How Adam Gadahn, a heavy metal rock enthusiast from a small Southern California town, became Azzam the American, a leading propagandist and the highest-ranked American in al Qaeda’s terror hierarchy, is one of the stranger odysseys of the global war on terror, an odyssey that ended abruptly earlier this year when Gadahn was reportedly killed by a U.S. drone strike in the remote border region between Afghanistan and Pakistan.
The 37-year-old Gadahn, the first American to be charged with treason in more than 50 years, was killed by an American drone strike, President Obama confirmed Thursday, in a January CIA attack that was not even targeting the long-wanted terrorist. At the time of his death, he was on the FBI’s Most Wanted list, and the State Department was offering a $1 million reward for his capture.
It was a long, strange journey that put Gadahn in the crosshairs of the U.S. drone.
He was born Adam Yahiye Gadahn in Oregon and reared in Winchester, California. His grandfather was Jewish and, as a boy, he displayed no signs he was attracted to a violently anti-American terror movement.
In 1995, at 17, he moved in with his grandparents in Santa Ana, California, and converted to Islam at the Islamic Society of Orange County shortly afterward. He became radicalized while studying with a small group of young fundamentalists who targeted the mosque’s chairman, Haitham Bundakji, whom they referred to as “Danny the Jew” for his penchant for wearing Western-style clothes and being friendly with Jews.

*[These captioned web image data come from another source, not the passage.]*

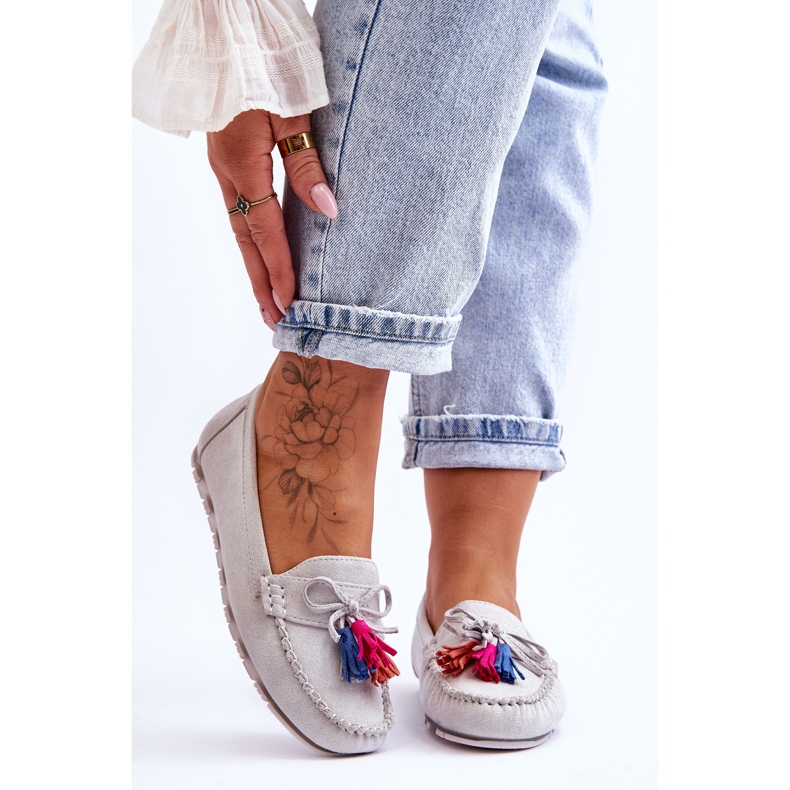 Wildlederloafer mit Schleife und Fransen Grau Dorine 1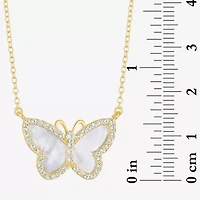 Womens White Mother Of Pearl 14K Gold Over Silver Butterfly 16 Inch Pendant Necklace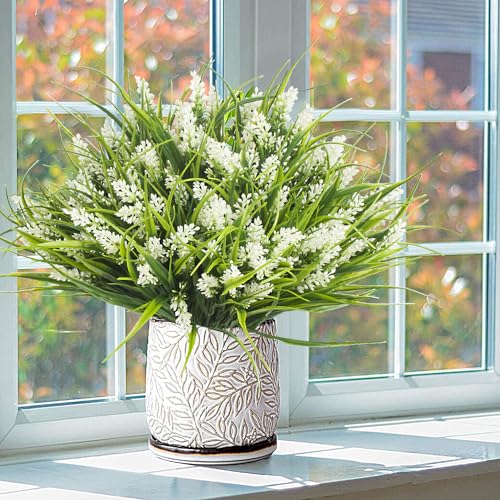 Grunyia 20 Bundles Artificial Plants Outdoor Fake Monkey Grass with Flowers (White) - color: White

Three years after his conversion, in 1998, Gadahn traveled to Pakistan and married a Muslim woman, who bore him at least one child. He told family and friends that he was going there to become a journalist in the Karachi region, but he was soon handling propaganda and media duties for al Qaeda, with his perfect command of idiomatic American English making him stand out clearly among the group’s senior ranks.